Cardiff 2 Preston North End 2
Championship, September 22nd 2007
" Baby, please don't go, don't go...
The way things are heading, they will be handing out Prozac to the glum-faced punters as they flood out of Ninian Park. Another day of missed opportunities and soul-sucking depression, made all the worse by the fact that this game was done and dusted on the hour after a gritty and ballsy performance from the players who had taken in all the criticism of the past couple of weeks and responded to it positively.
Such is the nature of the CCFC beast, the preamble to the match was dominated not by matters of tactics and team selection but by Ridsdale's gob-smackingly ill-timed outburst to the press, claiming that some fans had nicked his conkers and wouldn't let him join in with a game of Ring a ring o' roses. In response, as Ridsdale took his seat in the director's box today, all four sides of the ground rose in unison, waved white hankies and broke into a beautiful rendition of David Soul's 'Don't Give Up on Us Baby', tears streaming down the terraces as the emotions swept across the crowd like a Mexican wave. Well, not quite, but in the weird and wacky world of Cardiff City, there would be few surprised faces on the Bob Bank if Dan Dare and the Mekons ran out of the tunnel in blue and white shirts, so it was always a possibility.
What exactly does Ridsdale want? He is a football chairman of CCFC, one in a long line of wealthy landlords who has been granted temporary custodianship of our club. If he does a good job, he will be lauded, if not he will be slated from pillar to post. At the moment the sensible members of the jury are still stroking their chins. Given the state he left Leeds United in, it is understandable that twitchy fans used to the brinkmanship of threatened liquidation/receivership/dissolution, should be feeling a little non-committal about his involvement. What they do not want is the return of Sam Hammam. Those days are gone. So sit down Peter, and stop mithering, as they say in Yorkshire. You've got a football club to sort out and we've got a team to support.

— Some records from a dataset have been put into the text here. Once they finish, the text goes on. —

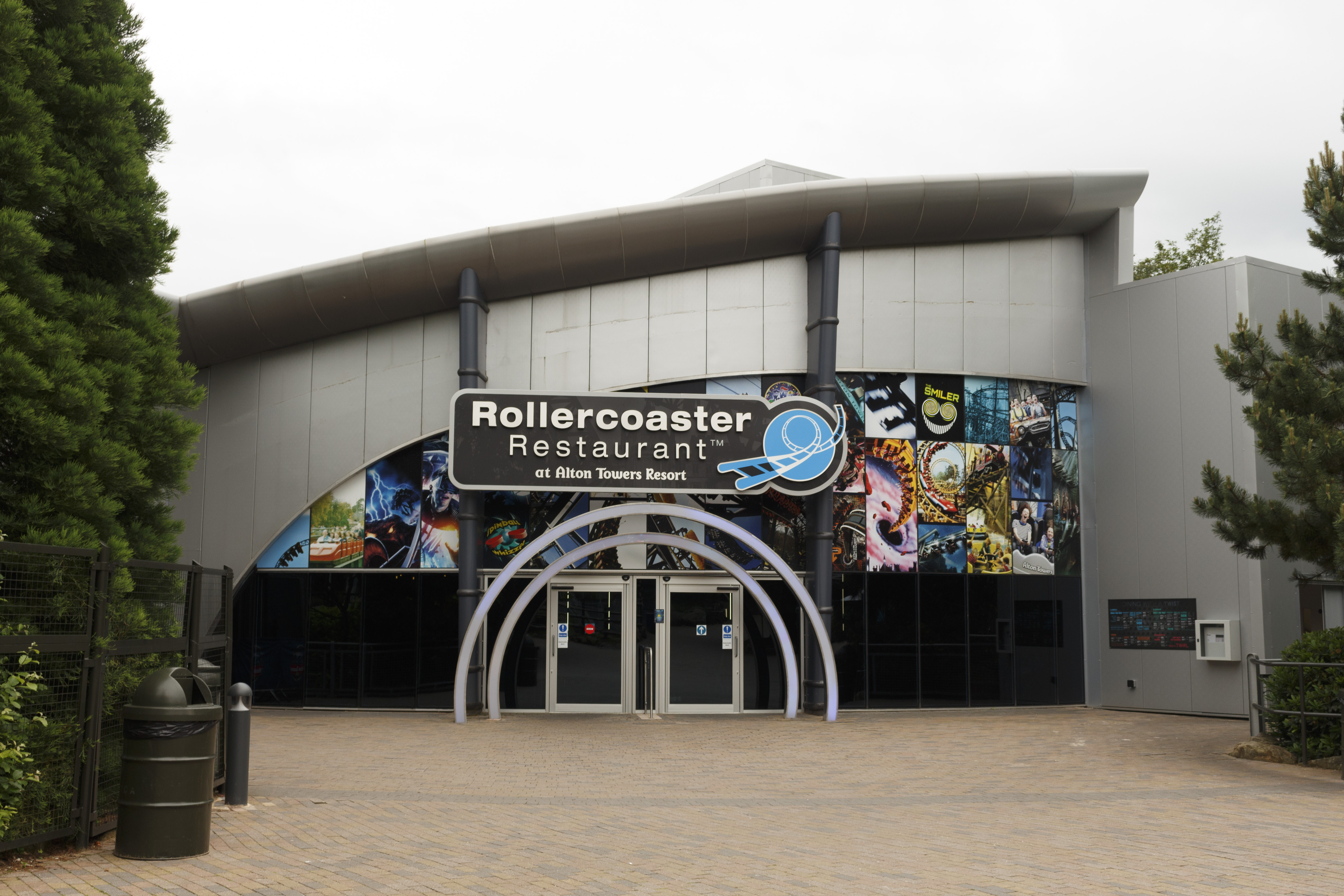 Review Rollercoaster Restaurant at Alton Towers Kip Hakes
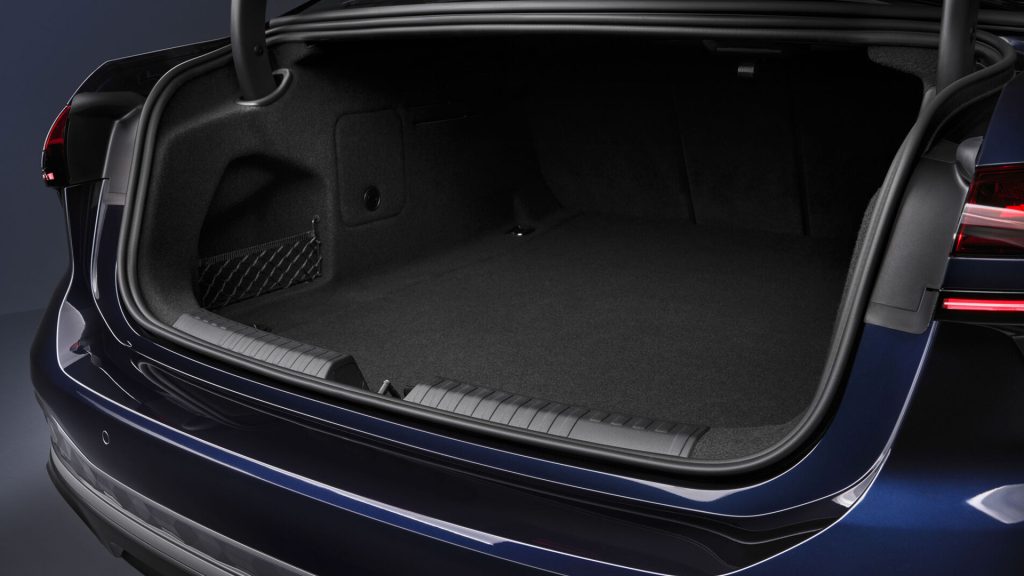 أودي A6، سيدان جديدة هي الأكثر انسيابية في طرازات العلامة العاملة بالوقود!
أودي الجديدة
أودي 2025 
سيارات أودي الجديدة
أودي ايه 6 الجديدة
أودي سيدان
سيارات سيدان أودي
سيارات فاخرة
سيارات فخمة
سيدان فاخرة
سيدان فخمة
سيارات ألمانية
The new Audi A6 sedan is the brand's most aerodynamic fuel-powered model!
New Audi
2025 Audi
New Audi Cars
New Audi A6
Audi Sedan
Audi Sedans
Luxury Cars
Luxury Cars
Luxury Sedans
Luxury Sedan
Luxury Sedan
German Cars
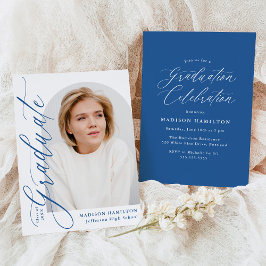 Invitación Moderna y elegante caligrafía azul foto graduación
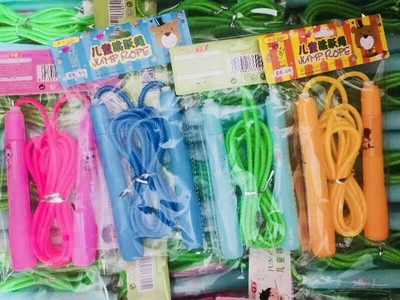 新奇丽吊板地摊玩具独立包装跳绳体育用品批胶跳绳记数跳绳热卖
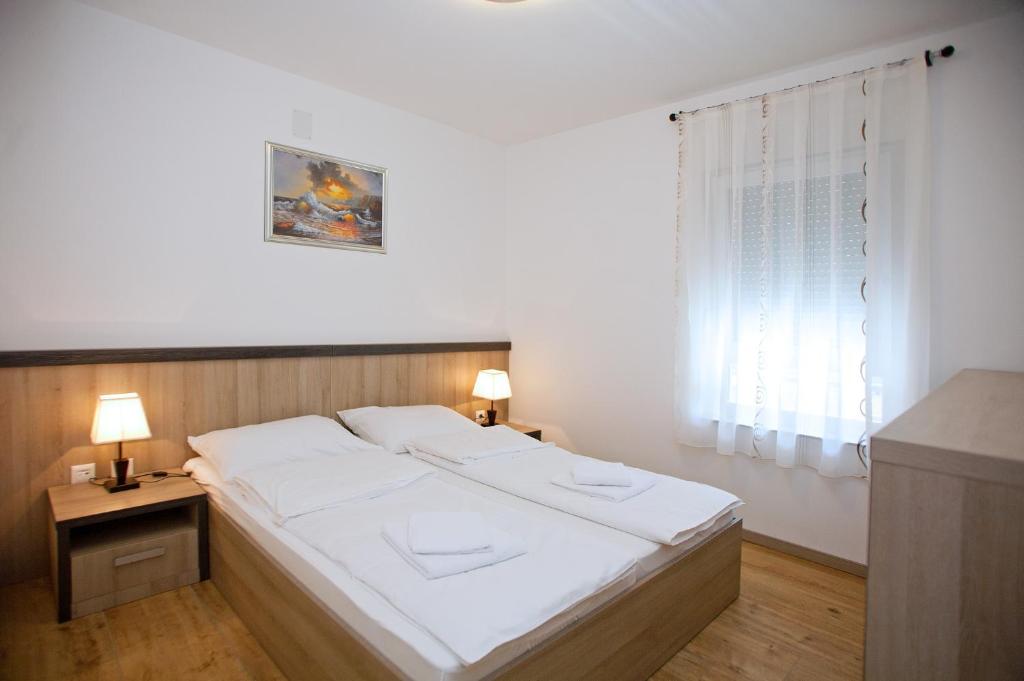 Apartments Maslina I photo 1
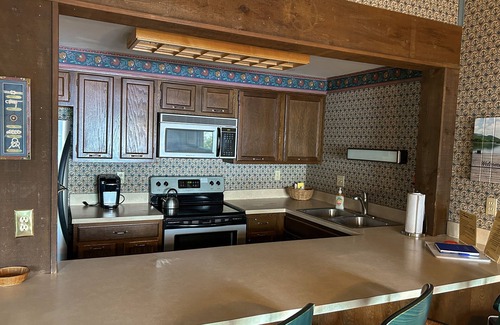 Lake Harmony House | Lakefront home with private deck, on-site pool, tennis & volleyball court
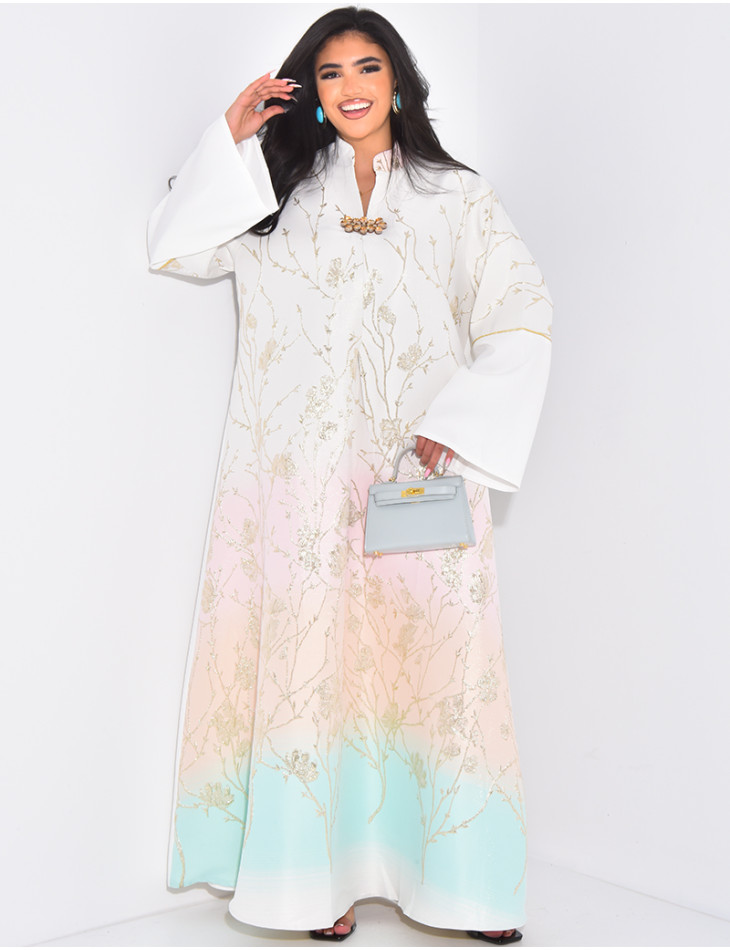 Premium-Abaya mit Goldstickerei und Schmuck am Kragen.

The jack-booted heel of Sky Sports fired another nail into the coffin of yer traditional Saturday afternoon football match today, rushing punters downing quick pints in empty boozers after barely digesting their crunchy nut cornflakes.
After Wednesday's aberration, a performance of substance was required - we are not after sexy football, for the time being a dull three points would do nicely. Cardiff's body language as they ran on suggested that they were determined to pay the fans back for three home performances of sub-standard, under-achieving fretful football. And once again, the team started at a decent clip. Tinkerman DJ had again seemingly bowed to public opinion and replaced the hapless Turnbull with our other gk ex-Wolves man Michael Oakes. For some strange reason, Sinclair had been hauled back into the right back position, the implied criticism of tyro Gunter seeming misplaced to many spectators. This enforced change to the midfield allowed Jones to bring in Ledley to partner Parry on the wing, with Rae and McPhail in the centre of midfield and the old geezers up front.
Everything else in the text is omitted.